Au vu de cette très grande liste de ressources, qui pourrait bien entendu être complétée par de nombreuses recherches, preuve de la place omniprésente des femmes dans l’Histoire des arts et de l’énorme travail effectué pour les « déterrer », j’ai défini quelque objectifs qui me permettront je l’espère, d’aborder ce programme de manière aussi riche que possible.

Axes d’études :

  • Tout d’abord étudier les représentations des femmes dans l’histoire des arts de manière à voir comment ces dernières ont pu refléter leur condition sociale dans différents temps et zones géographiques. Étudier également la qualité émancipatrice ou au contraire réductrice de ces représentations pour les femmes, ainsi que les différentes remises en questions qu’elles ont connues à travers le temps et qu’elles connaissent  encore aujourd’hui, grâce à de nouvelles recherches historiques à la lumière du féminisme mais aussi des recherches sur le genre dans l’art.
  • Ensuite étudier la vie et l’œuvre d’autant de femmes artistes que possible, à travers les époques et les pays, de manière à souligner les conditions de leur formation, leurs conditions de travail, la réception de leurs œuvres, leur postérité et l’influence qu’elles eurent.
  • Continuer par l’étude des échanges entre le féminisme et l’art et voir comment le féminisme a pu se servir de l’art pour donner de la force à ses revendications autant que l’art a pu permettre des avancées féministes.
  • Enfin étudier la place des femmes dans les différents métiers d’art (artistes, collectionneuses, galeristes, historiennes, artisanes, critiques, muséastes…) dans des époques différentes, mais aussi aujourd’hui et particulièrement dans le marché de l’art mondial et français.

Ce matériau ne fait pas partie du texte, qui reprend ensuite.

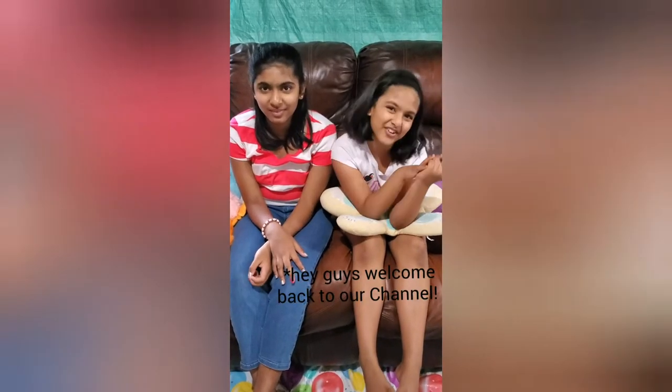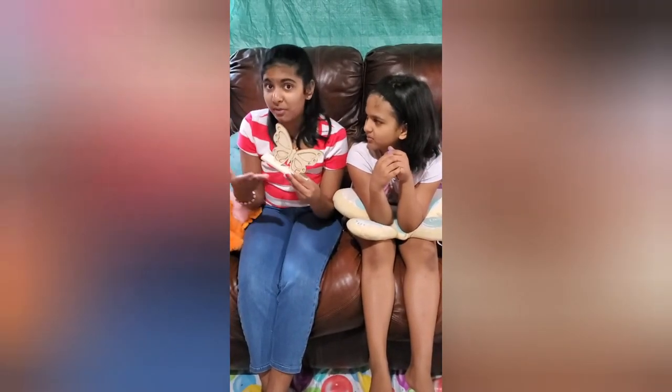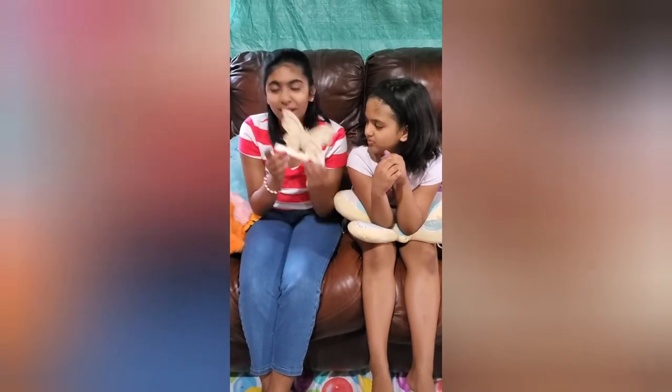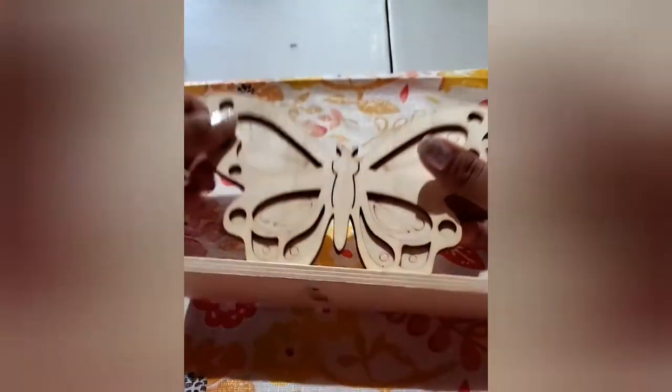Hey guys, welcome back to our channel. In today's video I'm going to be painting this wooden butterfly. It was plain, it was made out of wood, so it needed a little bit more of a shine. Here, let's take a closer look at the butterfly — it's made out of wood, it looks like a butterfly, and it has a stand.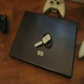Here's my HP 550 Joule core processor laptop. I use it for editing and recording from my HD PDR which is there.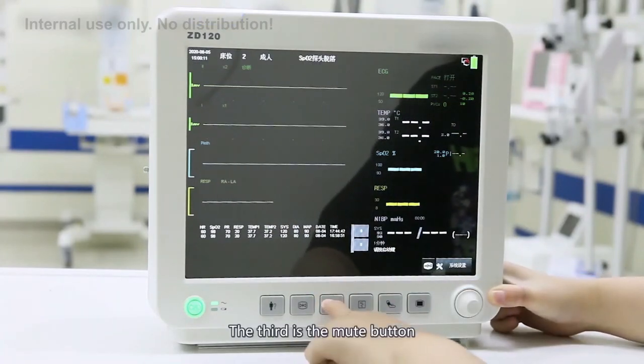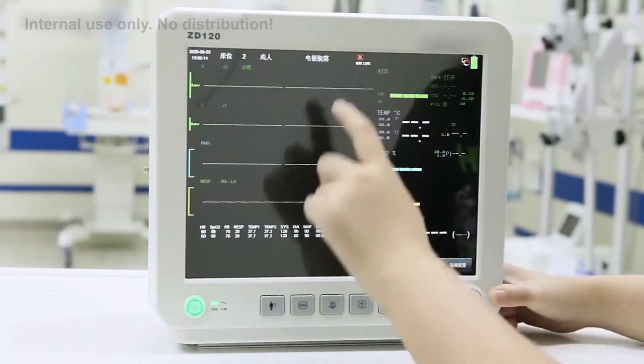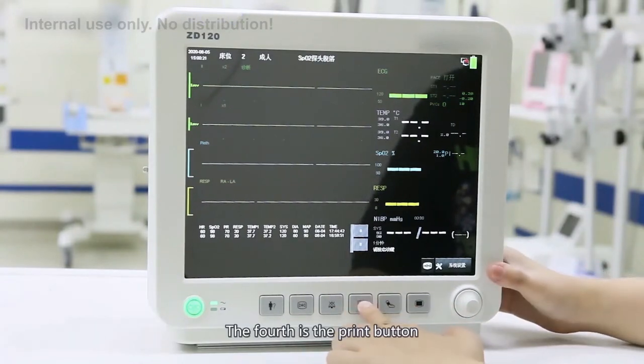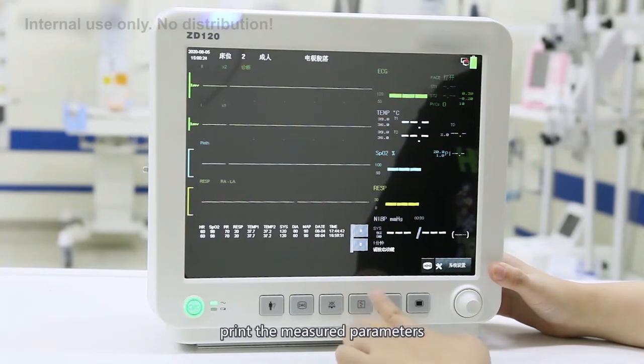The third is the mute button. When an alarm occurs, medical staff can choose to mute it. The default mute duration is 2 minutes, and it will be automatically cancelled after 2 minutes. The fourth is the print button. When the device is configured with a printer, pressing the print button will automatically print the measured parameters.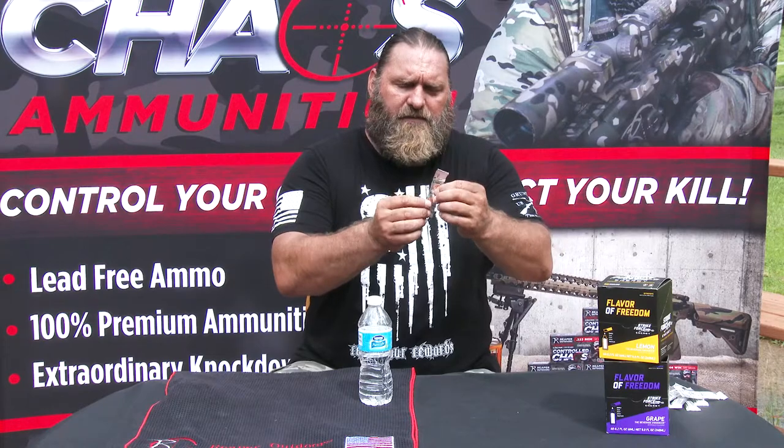Strike Force Energy comes in these little packets. I love these packets — they don't bust, they don't break. I've had some of them in my pack for over a year now and they're still in there, haven't given me any trouble. I love the packaging they have.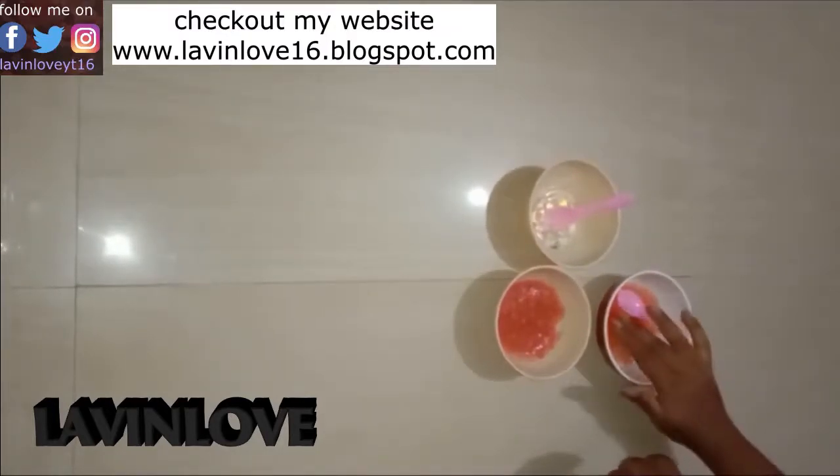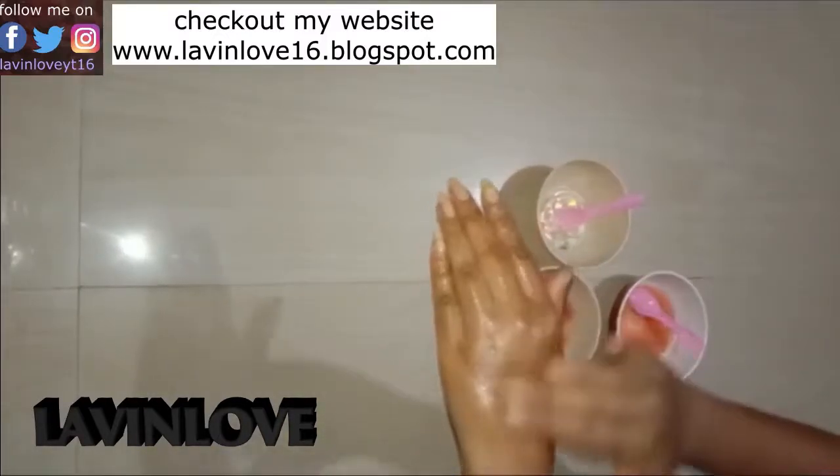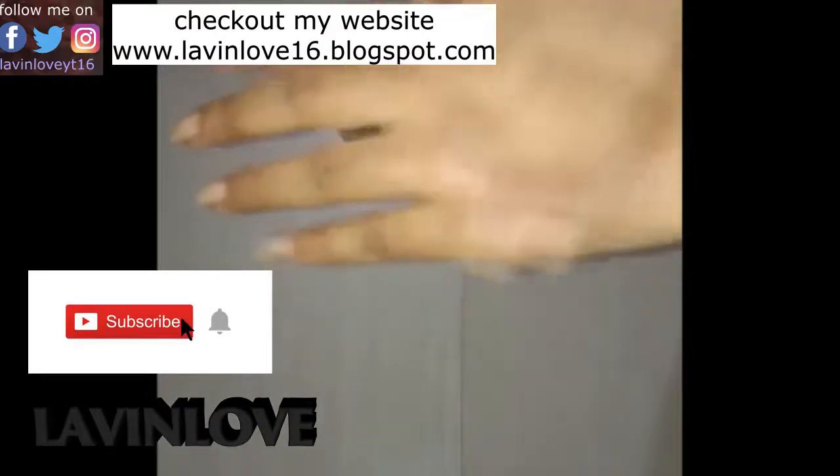You can use it continuously and regularly. Apply it on your skin and repeat that. This is how you massage and let it dry. You can see the difference instantly.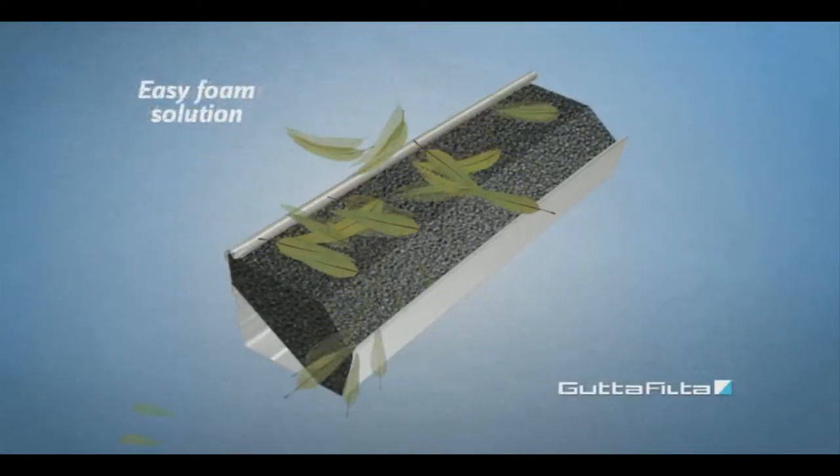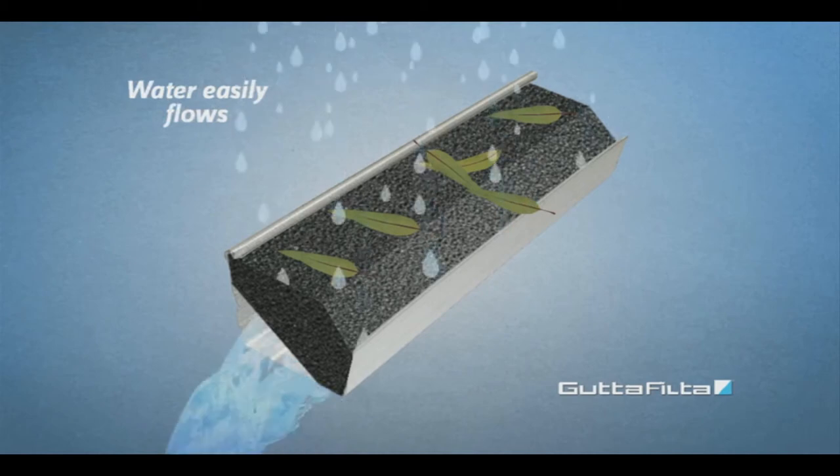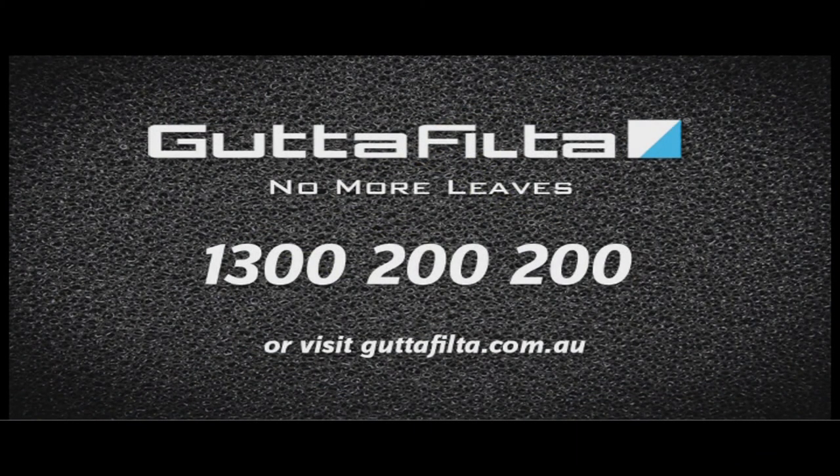get Gutter Filter. Gutter Filter is a new revolutionary and easy-to-fit foam solution for any shape gutter. It stops leaves and debris entering your gutters, but lets water easily flow through. Unlike other so-called solutions, Gutter Filter actually works.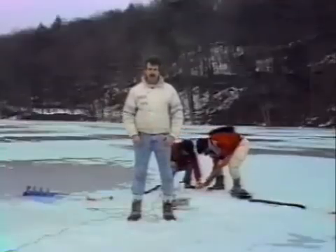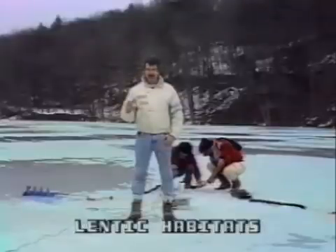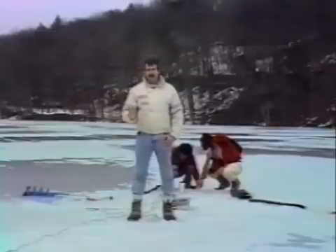When you're trying to determine primary production in Lentic habitats — that is, lakes — one of the best techniques to use, as we're using today on Binney Water, is the light and dark bottle method.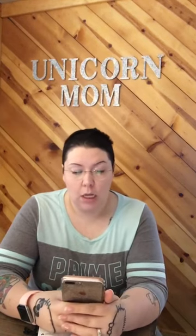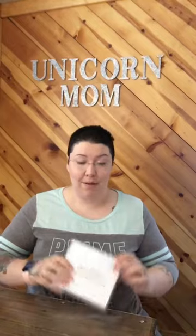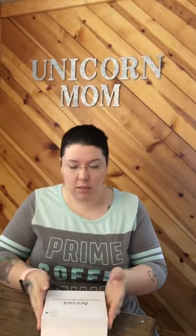It's waterproof and will recharge. Let's just get into it — we're gonna unbox it now. Here's the box it comes in. I'm assuming it comes in green, orange, and blue. Here's the box — it kind of reminds me of Apple packaging.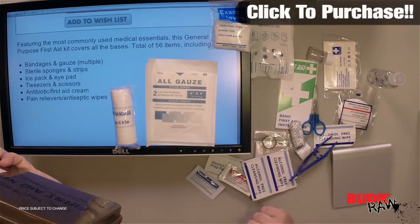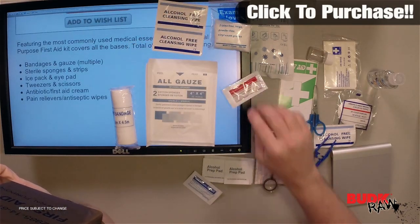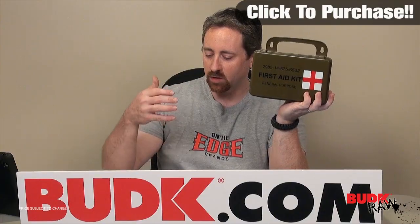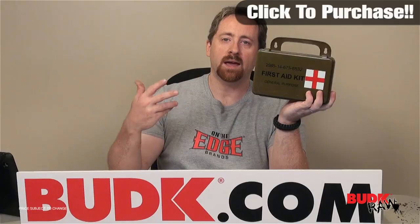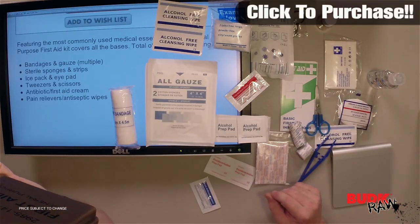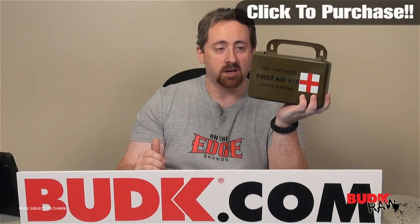If you're looking for something small and compact that can cover a number of different situations, this is designed to sustain the situation. If you need more attention, it will get you to a better location — out of the field and to a hospital if necessary. For simple cuts, sprains, and simple issues along that line, this will take care of you.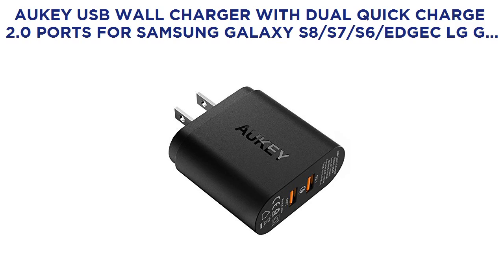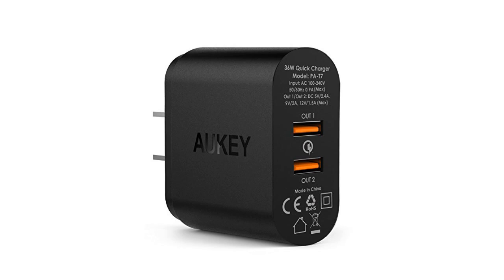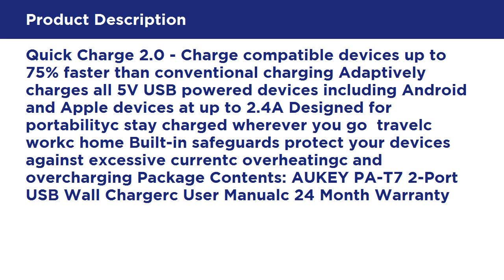All-key USB Wall Charger with Dual Quick Charge 2.0 Ports for Samsung Galaxy S8, S7, S6 Edge, LG G4, and more. Quick Charge 2.0 charges compatible devices up to 75% faster than conventional charging and adaptively charges all USB power devices, including Android and Apple devices at up to 2.4A. Built-in safeguards protect your devices against excessive current, overheating, and overcharging. Package contents: All-key P87 2-Port USB Wall Charger, quick-use manual, 24-month warranty.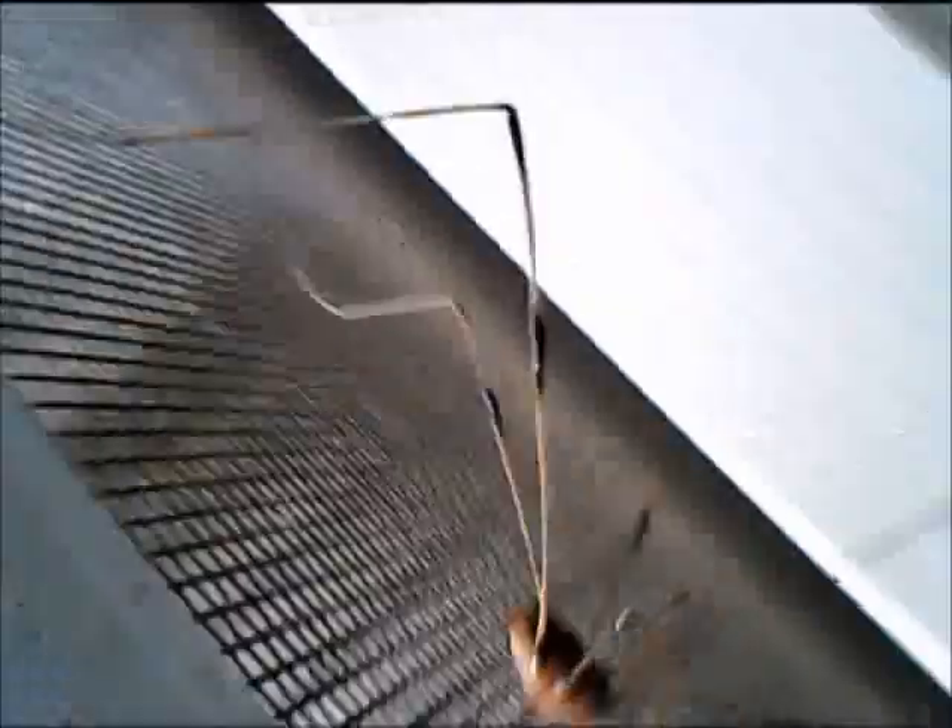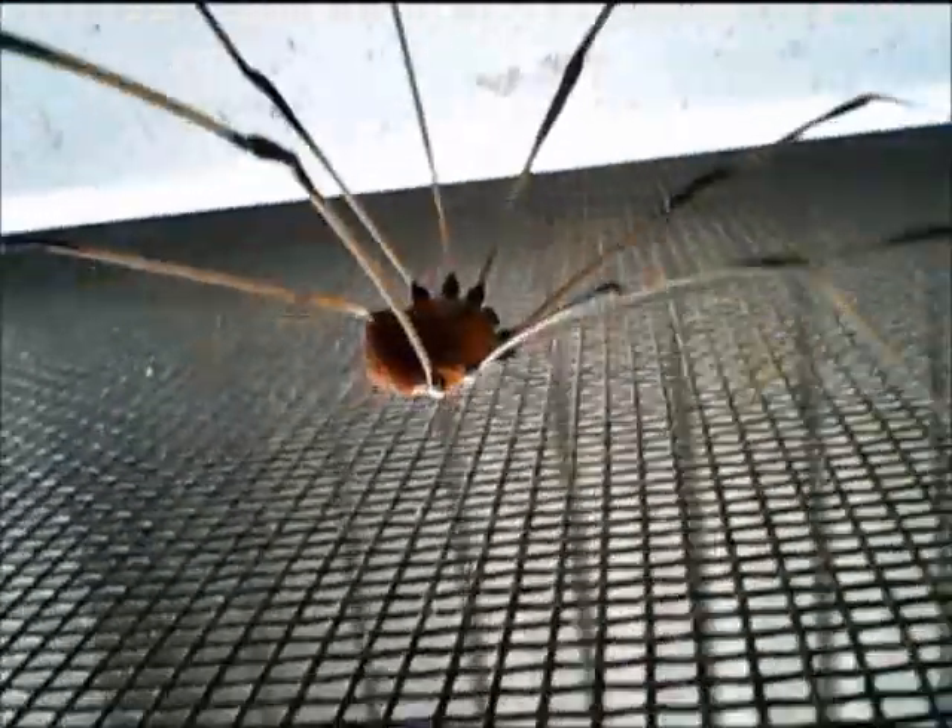And here it is. It moved away — it doesn't like to be on video, that's for sure. He's a natural guy. It still doesn't like to be on video. I don't know how to capture it straight up or anything, but I'm about 3 inches away from him, getting close to it.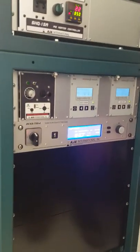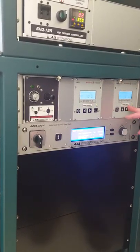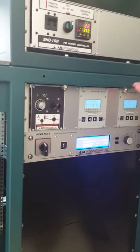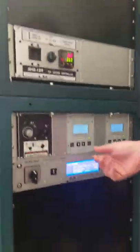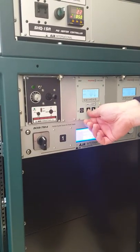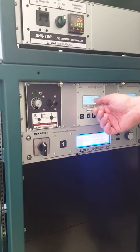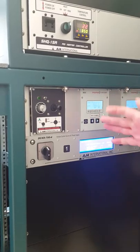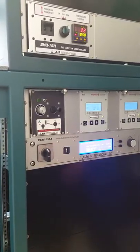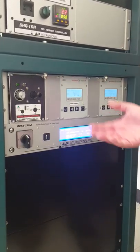This is the pump controller for the main chamber and the controller for the load lock turbos. There's not much you need to do with them — they kind of just do their own thing in the background and you're really controlling them through the breaker switch. Sometimes I'll look in here to check the drive currents. This current reading is a good baseline indicator for the condition of the chamber — if there's a lot of outgassing or a leak, the gas load on the turbo will drive that current higher.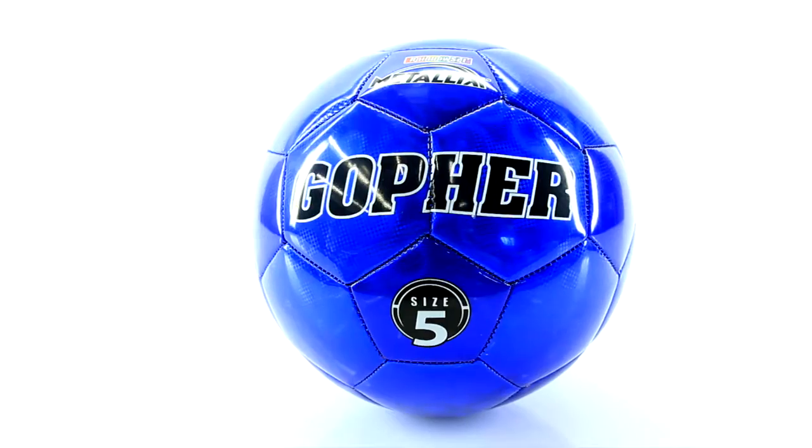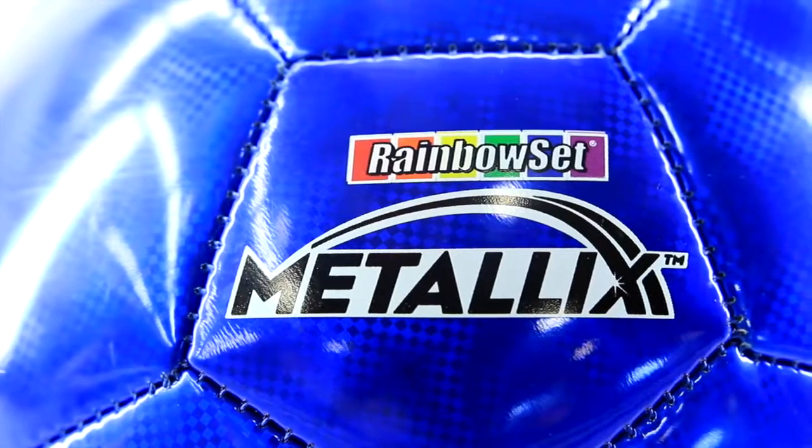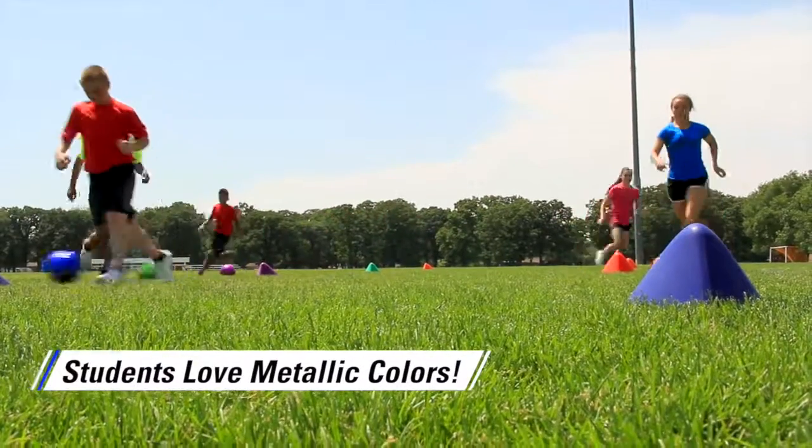Bright and made to stand out, just like your game — Gopher's Rainbow Metallic Soccer Balls. Students love playing with these metallic colors, highly visible on the field during play.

Je tenterai de mener ce travail en prenant en compte des formes d’art aussi diverses que possible : autant les arts graphiques que les arts de la scène, la sculpture, l’architecture, la musique, l’artisanat la photographie et le cinéma.

Corpus :

Afin de créer une fiche de synthèse pour mon épreuve orale d’histoire des arts, je réaliserai quatre corpus de 5 à 8 œuvres :

  1. Corpus sur les représentations féminines
  2. Corpus sur les femmes artistes
  3. Corpus sur les liens entre art et féminisme
  4. Corpus sur les femmes dans les métiers et le marché de l’art

Je travaillerai également régulièrement l’exercice de la dissertation et du commentaire d’oeuvres dont j’ai recensé des méthodes plus haut, afin de préparer mon épreuve écrite d’histoire des arts. Enfin, je constiturai un portefolio sur une problématique de mon choix (que je n’ai pas encore déterminée !) et qui donnera lieu à un exposé oral pour mon épreuve orale d’histoire des arts.

 

Féminisme

Conclusion :

Finalement, j’espère que cette grand liste de ressources sur le thème femmes, féminité, féminisme en Histoire des arts vous permettra de découvrir la richesse de ce dernier et de contribuer à la reconnaissance des femmes dans l’art, que vous soyez en terminale comme moi, artiste ou passionné.e par l’histoire des arts !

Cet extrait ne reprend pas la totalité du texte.